Influence of polyethylene terephthalate/ polyamide (PET/PA) bilayer structure on physical and strength-related properties of superpressure angioplasty balloons
Affiliations: [a] Business School, University of Shanghai for Science and Technology, Shanghai, China | [b] Shanghai Key Laboratory of Interventional Medical Devices and Equipment, Shanghai, China | [c] School of Medical Instrument and Food Engineering, University of Shanghai for Science and Technology, Shanghai, China | [d] College of textiles, Donghua University, Shanghai, China
Correspondence:
[*]
Corresponding authors: Chongjun Fan, Business School, University of Shanghai for Science and Technology, Shanghai, China. Tel./Fax: +86 21 55277040; E-mail: [email protected]. Jifu Mao, College of textiles, Donghua University, Shanghai, China. Tel./Fax: +86 21 67792692; E-mail: [email protected].

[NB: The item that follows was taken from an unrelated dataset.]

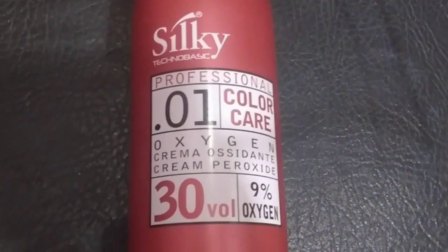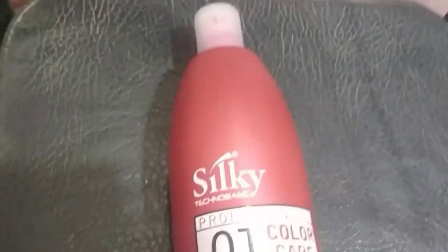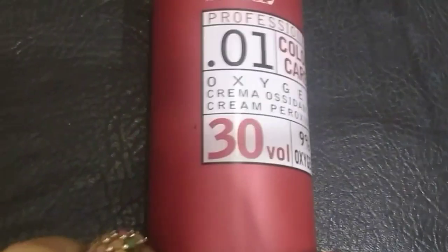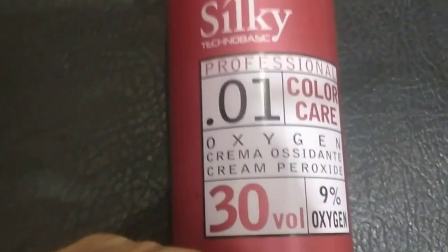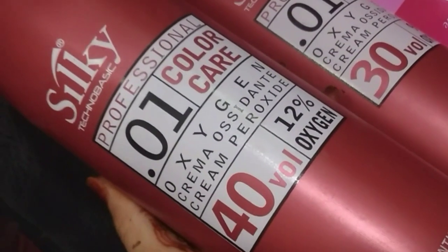اب 30 والیم کا بتاتی ہوں. جو 30 والیم ہوتا ہے یہ 20 والیم سے بھی زیادہ سٹرانگ ہوتا ہے. یہ 1 سے 2 لیول لفٹ کرتا ہے — اگر بال ڈارک لیول کے ہیں تو 1 لیول لفٹ کرے گا، اور اگر لائٹ ہیں تو 2 لیول لفٹ کرے گا. یہ ڈائریکٹ لفٹنگ کے لیے استعمال کیا جاتا ہے — جیسے آپ سلکی کلر اور 30 والیم لے کر مکس کریں.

Abstract: BACKGROUND: Percutaneous transluminal coronary angioplasty (PTCA), including balloon angioplasty, is a standard clinical invasive treatment for coronary artery disease. The coronary lesion with calcification is difficult to dilate and the prevention of balloon failure is especially important. OBJECTIVE: A novel superpressure balloon was fabricated with bilayered structure of polyethylene terephthalate (PET) and PA12 (polyamide). METHODS: The structures of bilayer balloon were adjusted to achieve overall excellent performance. Physicochemical, thermal and mechanical properties of bilayer balloons were characterized by X-ray diffraction, differential scanning calorimeter, hydraulic tester and theoretical simulation. RESULTS: Compared with pure PA12 and PET balloons, PA12 outer layer: PET inner layer balloon with layer ratio of 3:7 shows the highest burst stress and relatively low compliance due to an increase in crystallinity and orientation. CONCLUSIONS: The produced bilayer balloon proved to possess a small folding dimension thanks to its ultrathin bilayer structure, which is good for crossing cramped vessels. We believe these optimally fabricated bilayer balloons are proved to provide attractive opportunities for preparation, performance enhancement, and practical applications of super-pressure balloon catheters and cryoablation balloons, that will significantly promote the development of percutaneous transluminal coronary angioplasty for clinical applications.